To come up with the norm function, the conjugates of $\sqrt[3]{2}$ are $\omega \sqrt[3]{2}$ and $\omega^2 \sqrt[3]{2}$. We then replace $\sqrt[3]{2}$ with those, replace $\sqrt[3]{4}$ with the square of the replacement, and take their products. One can verify that the norm is multiplicative and in particular $N(\alpha) = 1 \implies N(\alpha^n) = 1$. Now we have

$$N(1 + \sqrt[3]{2} + \sqrt[3]{4}) = 1 \implies N( (1 + \sqrt[3]{2} + \sqrt[3]{4})^n) = 1 \text{ for all } n \geq 1.$$

This gives us infinitely many triplets $(a,b,c)$ such that $a^3 + 2b^3 + 4c^3 - 6abc = 1$, which is exactly a USA TST problem. Of course there is still more to be desired: we haven't showed that all solutions can be generated from a smallest solution. Since there are three variables in play this time, it is no longer clear if we can arrange them by size and perform the same argument. Also, in the case of $\sqrt[3]{2}$, we were lucky that $(1,1,1)$ gave a solution to our cubic Pell's equation. In general for $\sqrt[3]{n}$, we have to solve

$$a^3 + nb^3 + n^2 c^3 - 3nabc = 1$$

and it is no longer clear whether there is a solution in positive integers if $n$ is not a perfect cube.

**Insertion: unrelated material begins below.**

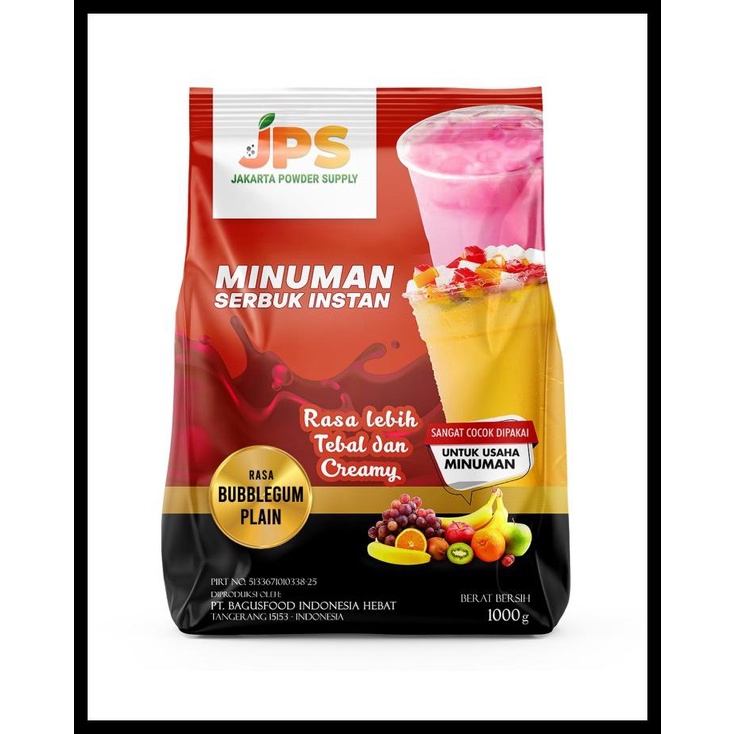 

Bubuk Minuman 1 Kg Bubble Gum Permen Karet Jps Plain Tanpa Gula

Let's first try to prove that all solutions are generated by a minimal one. We first try to embed $\mathbb{Z}[\sqrt[3]{n}]$ into a higher dimensional space so that it becomes a lattice. Currently it looks like a three dimensional lattice squeezed into the one dimensional line $\mathbb{R}$. 

We let $V = \mathbb{R} \times \mathbb{C}$ and we embed $\mathbb{Z}[\sqrt[3]{n}]$ into it by sending 

$$a + b \sqrt[3]{n} + c \sqrt[3]{n^2} \mapsto (a + b \sqrt[3]{n} + c \sqrt[3]{n^2}, a + b \omega \sqrt[3]{n} + c \omega^2 \sqrt[3]{n^2}).$$

We don't bother using the last factor since it is the complex conjugate of the second factor and so does not carry any extra information. Then clearly the map is injective as any two points with the same image must have all conjugates equal, and thus be equal. The more interesting claim is that this embeds $\mathbb{Z}[\sqrt[3]{n}]$ as a discrete lattice inside $V$. To prove this, it suffices to prove that the vectors $(1,1), (\sqrt[3]{n}, \omega \sqrt[3]{n}), (\sqrt[3]{n^2}, \omega^2 \sqrt[3]{n^2})$ are linearly independent over $\mathbb{R}$. But this is easy to check. Hence we have embedded our ring $\mathbb{Z}[\sqrt[3]{n}]$ as a discrete lattice inside a three-dimensional space $V$. 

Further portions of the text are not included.